Referring to fig. 1, the multi-target tracking method according to this embodiment may include the following steps:

step S101, during tracking a plurality of targets, acquiring a tracking result of a first target in the plurality of targets at the current moment;

step S102, if the tracking result is unmatched tracking, determining a cluster to which the first target belongs according to the historical detection results of the multiple targets, wherein the multiple targets belonging to the same cluster have the same object attribute and similar motion attribute;

step S103, restoring the track of the first target at the current moment according to the detection result of the targets in the cluster except the first target at the current moment and the relative motion relationship among the targets in the cluster.

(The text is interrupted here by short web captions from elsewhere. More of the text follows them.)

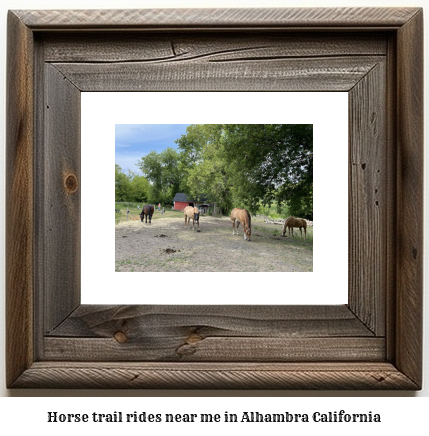 horse trail rides near me in Alhambra, California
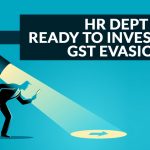 HR Dept Ready to Investigate GST Evasion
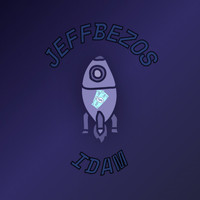 IDAM - JEFF BEZOS (Explicit)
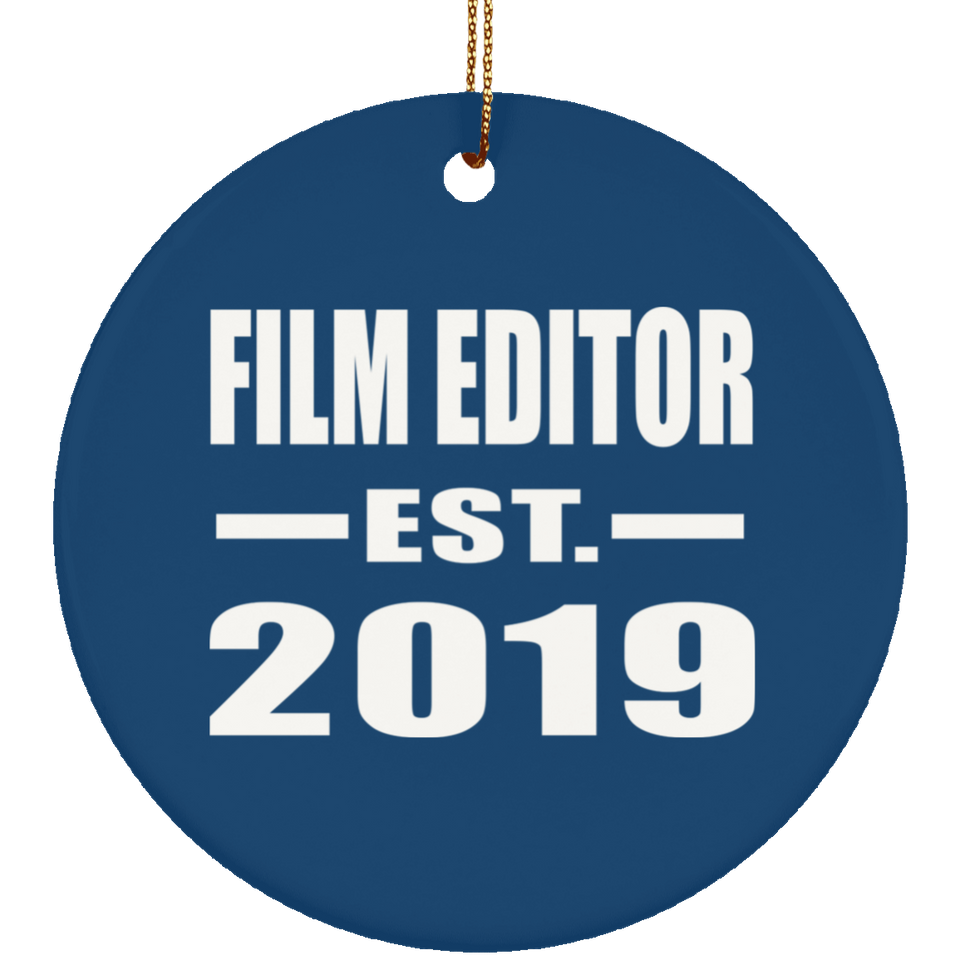 Film Editor Established EST. 2019 - Circle Ornament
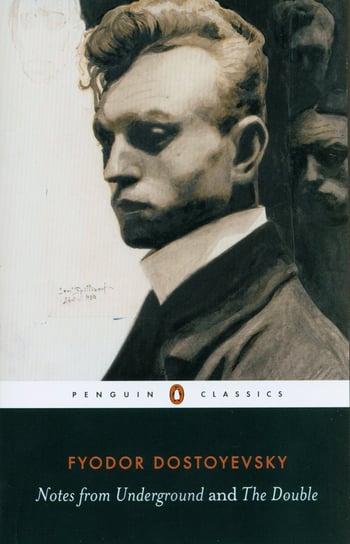 Notes from Underground and the Double Dostojewski Fiodor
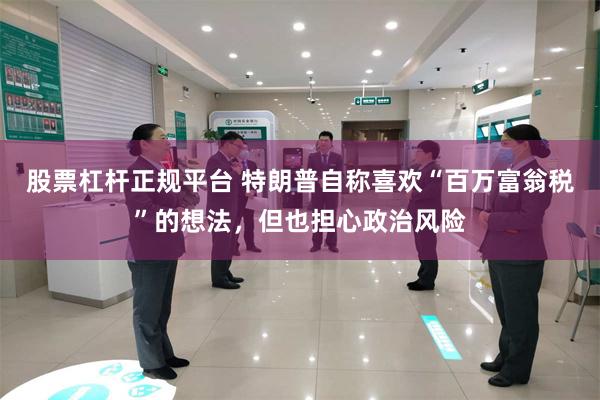 股票杠杆正规平台 特朗普自称喜欢“百万富翁税”的想法，但也担心政治风险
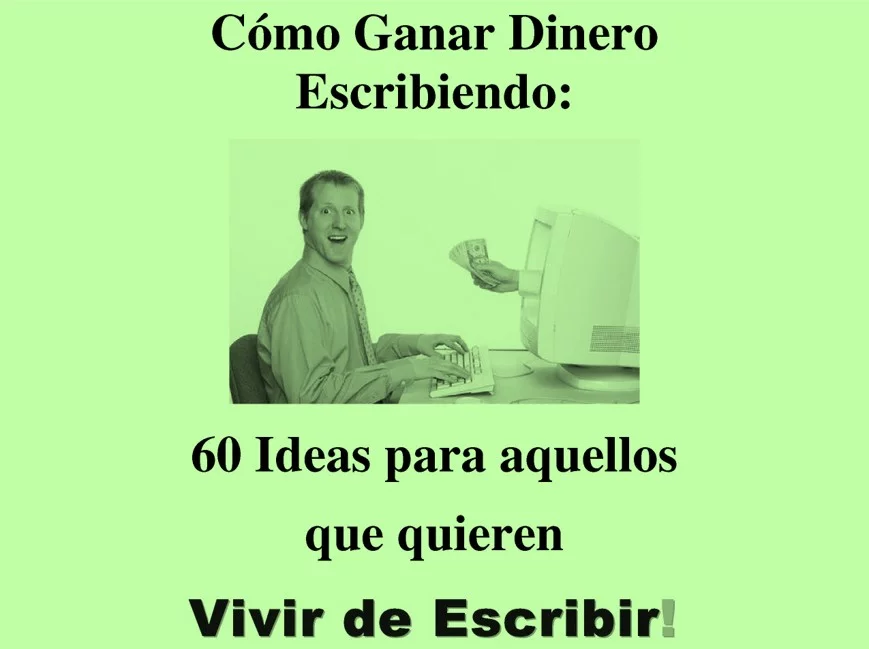 Cómo ganar dinero escribiendo 60 ideas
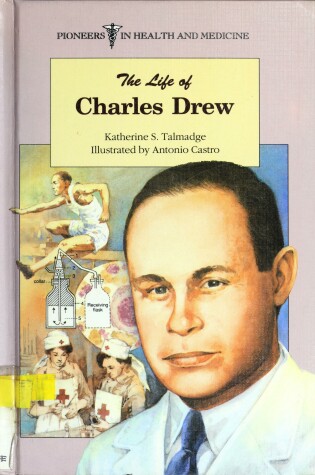 Cover of The Life of Charles Drew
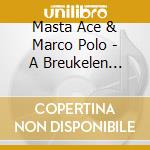 Masta Ace & Marco Polo - A Breukelen Story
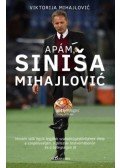 Viktorija Mihajlovic - Apám, Sinisa Mihajlovic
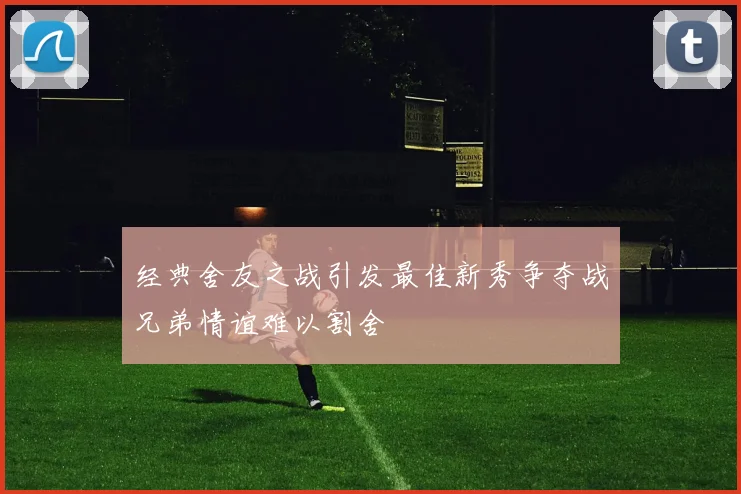 经典舍友之战引发最佳新秀争夺战兄弟情谊难以割舍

In step S101, a tracking result of each target at the current time is obtained, where each target may be used as the first target to execute a subsequent scheme.

Further, the target may be an object that is perceivable around the unmanned vehicle. The objects may include people, cars, animals, plants, traffic lights, and other traffic participants.

Further, the detection result may be characterized based on the detection box. The detection boxes are in one-to-one correspondence with dictionaries, and the dictionaries comprise at least one of the following contents: identity Information (ID) of the tracked object (i.e., target); the position, size, movement speed and size change speed (bbox) of the detection frame; the tracking status of the track (is _ committed _ or _ not); number of frames (age) for track maintenance. The corresponding relation between the dictionary and the detection frame can be stored in a database and obtained by calling when needed.

For example, the position of the detection frame may be represented by the center point of the detection frame.

For example, the three-dimensional boundary information of the object may be described by the size of the detection box.

For example, the tracking state of the trajectory includes tracking of a deterministic state and tracking of an indeterminate state. When the same target is detected in three continuous frames, the target corresponds to the dictionary of the detection frame, and the tracking state of the track is marked as the tracking of the determination state.

Further, the detection result may be a three-dimensional detection result, or may be a three-dimensional and two-dimensional detection result. The detection result may be obtained from a target detector whose input is environmental data around the drone vehicle collected by the monocular camera and/or radar.

Further, the tracking result may refer to a matching result. During tracking, the tracking result for each target at each time can be classified into unmatched detections (unmatched detections), unmatched tracks (unmatched tracks), and matched pairs (matches, also called matching success). Wherein the unmatched trace indicates that although the position of the target at the next time is predicted, the detection frame detected at the next time does not match; the detection of no match indicates that there is no detection on the match, which indicates that a new target to be tracked appears.

In one implementation, referring to fig. 2, the step S101 may include the following steps:

step S1011, predicting the prediction result of the first target at the current moment according to the historical detection result of the first target;

step S1012, performing target matching between the prediction result and the object detection result obtained by the current time detection to obtain the tracking result of the first target.

Specifically, in step S1011, the position and size of the detection frame at the next time (i.e., time a) can be predicted by the improved kalman filter (also referred to as the improved three-dimensional kalman filter) using the position and size of the detection frame at time (a-1).

Further, the previous time, the current time, and the next time may be determined according to the frame rate of the monocular camera, and the detection result obtained based on the single frame image corresponds to the detection result at a certain time.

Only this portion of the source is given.